ASSESSMENT OF HEAVY METAL

NURUL ADHA BINTI UJANG


(UK28913)
LIYANA BINTI YAMIN
(UK 28942)

PROGRAMME
BACHELOR OF APPLIED SCIENCE
CONSERVATION AND MANAGEMENT OF BIODIVERSITY

LECTURER
DR. HING LEE SHING

FIELD TRIP
SETIU WETLAND

INTRODUCTION
Heavy metals contaminations have cause a great concern due to its stable and
environmental persistence characteristics especially in aquatic environment (Alkarkhi
et al., 2009). Heavy metal basically occur naturally in earth, however due to human
involvement, it become concentrated eventually leading to this type of contamination.
Heavy metals pollutants such as Cadmium and Lead can cause toxicity to the living
organism once they exceed the concentration limit (MacFarlane & Burchett 2000).
Thus, it is required to perform some assessment of heavy metal for caution.
In assessing the heavy metal pollution in the aquatic environment, chemical,
toxicological and ecological approaches have been done extensively. Much research
emphasize the use of invertebrate organism as the pollution bioindicator as their
ability to accumulate contaminants .This is due to their nature as filter feeders that
are immobile making them suitable for monitoring changes in chemical
concentrations at fixed locations (Astudillo, 2005).
The study on the sediments for heavy metal pollutants assessment also had been
done widely. Sediments usually represent as one of the ultimate sinks for heavy
metals discharged into environment (Hollert et al. 2003). The sediments
characteristics such as the grain size and amount of organic matter allow them to
determine the presence of the heavy metal pollutants (Sauve et al., 2000) thus also
making them important as heavy metal contamination indicators.
The main objectives of this study is to determine the heavy metal concentrations on
sediment and oyster of the Setiu lagoon. This study also took into account the water
quality parameter of the lagoon. In this study, a comparison were made to identify
whether the oyster from the Setiu Lagoon are safe for consumption.

METHODOLOGY
The study area revolves at Setiu Wetland, a lagoon estuary system that was
investigated which extends from N 05o41.031 to 05o40.801 . Samples were taken
from 5 different locations with three replicates in Setiu Wetlands.

Site 1

Site 2

Site 3
Site 4

Site 5

Figure 1 Site location map

Sediment samples were taken using a ponar grab. The physio-chemical parameters
of water (pH, dissolved oxygen, temperature and salinity) were measured using Multi
Probe Systems at near surface and near bottom of the water. Then oyster samples
were collected at a nearby aquaculture farm.

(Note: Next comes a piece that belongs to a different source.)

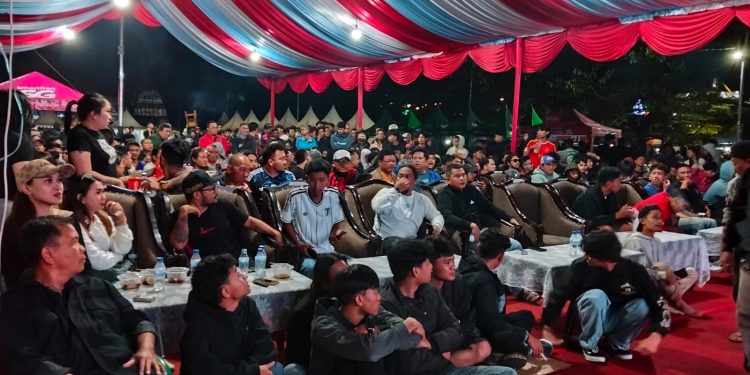 Dandim 0207/Simalungun Pimpin Penutupan Festival Rakyat, Nobar Final Piala Dunia 2026 Pecah Dihadiri 1.500 Penonton Dandim 0207/Simalungun Pimpin Penutupan Festival Rakyat, Nobar Final Piala Dunia 2026 Pecah Dihadiri 1.500 Penonton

After collecting all the samples, all samples were brought back to the lab for further
analysis. The samples first were dried out to get the dry mass. The oysters then were
grinded using mortar and pestle to break up the particles. The next step is shafting to
ensure the particles was fine. The weight of the sample were taken and were put into
selected digestion tubes. 5mL of concentrated nitric acid were added to each test
tube. Later on, the plate were heated at at 95C for 3 hours. The fume colour were
observed as it was cooled down slowly. 1mL of hydrogen peroxide was added
subsequently. The samples were heated again until no fume were observed. After
digestion was completed, the test tubes were let to cool down at room temperature.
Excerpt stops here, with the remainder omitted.